The Oakland Raiders Should Keep Bill Musgrave

Bill Musgrave, the offensive coordinator of the Oakland Raiders, is a controversial figure. Despite having the Oakland Raiders in the top ten of every offensive category, the Raider Nation is not fond of him. They claim he’s too conservative, and he’s holding Derek Carr and the Raiders offense back. Are they right? With his contract expiring, should the Raiders re-sign Bill Musgrave?

The Oakland Raiders Should Keep Bill Musgrave

Conservative

Is Musgrave too conservative? Some claimed that his play-calling was too conservative, that he would almost always run on first down, usually for no yards. This isn’t completely unfounded. After all, the Raiders ran the ball on 45% of their first downs. And of those attempts, the Raiders averaged only four yards per carry.

That’s ridiculous, right? Why should the Raiders rush on so many first downs? Well actually, you’d be surprised to find out that this isn’t that uncommon. In fact, the New England Patriots actually rushed on 54% of their first downs! And of those downs, they averaged fewer yards per carry. Yes that’s correct, the Patriots rushed more for fewer yards per carry on first down than the Raiders did.

And on second down? Same game. The Raiders ran on 44% of second downs for an average of five yards a carry. Meanwhile, the Patriots also rushed on 44% of second downs, for only four yards per carry. In fact, across the board, the play-calling for the Patriots and Raiders is pretty similar. The difference has been execution, and considering that the Raiders out-rushed the Patriots by about 50 yards, it’s not on Musgrave.

The Playoff Game

Everyone buried Bill Musgrave for how he called plays in Oakland’s Wild Card loss to the Houston Texans. Frankly, that’s absurd. When you think of the circumstances Musgrave was forced into, it’s just ridiculous. Consider the reality that he had to coach a rookie third-string quarterback in his first start, behind a beat up offensive line, against the league’s number one defense, on the road, in the playoffs. That’s ridiculous.

Musgrave couldn’t get the run game going because Houston was flooding the box and Donald Penn was out, and when Connor Cook did pass it deep, it was a disaster. Carr took most of the first team snaps all year, and whatever he didn’t get, the injured trainwreck Matt McGloin did. No coach should ever have to try and fix that, and it certainly shouldn’t be held against him.

History

Just Win, Baby. It’s a catchphrase, it’s a motto, it’s a way of life for the Raider Nation. Of course, it’s also a bit of an annoyance. See, the Raider Nation not only wants to just win, they want to just win now, by a lot. They want Madden, and not John. So when an offensive coordinator isn’t calling plays by the seat of his pants, the fans get worried, and they have good reason.
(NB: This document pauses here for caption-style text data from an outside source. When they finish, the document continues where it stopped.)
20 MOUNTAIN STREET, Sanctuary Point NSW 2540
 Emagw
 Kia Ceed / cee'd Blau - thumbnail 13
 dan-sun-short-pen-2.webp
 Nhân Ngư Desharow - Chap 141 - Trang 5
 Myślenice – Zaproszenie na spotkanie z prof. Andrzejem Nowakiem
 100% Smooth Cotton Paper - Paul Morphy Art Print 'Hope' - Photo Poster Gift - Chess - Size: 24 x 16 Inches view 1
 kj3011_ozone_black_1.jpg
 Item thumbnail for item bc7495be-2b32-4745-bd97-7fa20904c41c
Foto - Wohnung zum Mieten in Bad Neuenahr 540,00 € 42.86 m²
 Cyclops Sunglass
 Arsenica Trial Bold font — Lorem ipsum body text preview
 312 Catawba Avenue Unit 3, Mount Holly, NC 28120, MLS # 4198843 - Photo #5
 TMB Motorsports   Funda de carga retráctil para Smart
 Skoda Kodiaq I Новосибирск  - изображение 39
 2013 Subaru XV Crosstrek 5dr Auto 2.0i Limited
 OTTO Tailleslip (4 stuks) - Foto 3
For the longest time, the Raiders were a joke. They couldn’t move the ball, and it seemed like their biggest plays came on fluke home runs. 93-yard runs by Terrelle Pryor or freak returns from Johnnie Lee Higgins. Between 2005 and 2015, the Raiders didn’t manage a single 1,000 yard receiving season, and even with garbage time in 2012, Carson Palmer‘s numbers were unimpressive.

The Raider Nation pines for offensive genius Hue Jackson, because they believe he could do more with this offense. It wouldn’t be fair to compare the Raiders to the 1-15 Cleveland Browns, so the easiest thing to do is to put them side-by-side with Jackson’s 2011 Raiders squad.

Time Travel

Believe it or not, the 2011 Raiders averaged more yards per game. That’s not a joke. Back in 2011, they averaged six more yards per game than their 2016 counterparts. Of course, you could easily say they would’ve covered that if Carr had played in Week 17, but that’s not how this works.

They averaged six more yards, but the 2016 version dominates every other category. In 2016, the Raiders scored more points, committed fewer turnovers, and had significantly better time of possession. The 2016 Raiders had 100 fewer yards on offense.

The Honest Truth

At the end of the day, the honest truth is that firing your offensive coordinator because he’s not perfect is asinine. If the offense was struggling, like it did under Greg Olson, that would be one thing. But just because the Raiders aren’t scoring as often as they do when someone plays as them on Madden 17, that’s not good reason to fire a very successful coach. This is the best the Raiders have been in decades, and it’s certainly not because of their defense.

By changing coordinators, you completely change the style and language of the offense. Changing the offense sets the whole team back a couple of years. Considering that the Raiders are a young, dangerous team, you don’t want to waste any of their window. The Raiders could concievably win a Super Bowl in the next couple of years, and there’s no reason to mess with that.

The Raiders should absolutely re-sign Bill Musgrave. Don’t fix what isn’t broken, and let Musgrave be “conservative”. The Raiders have a franchise quarterback, two 1,000 yard receivers, a stable of capable backs and the league’s best offensive line. Even if Bill Musgrave isn’t the best offensive coordinator in football, he can still help this team win a Super Bowl.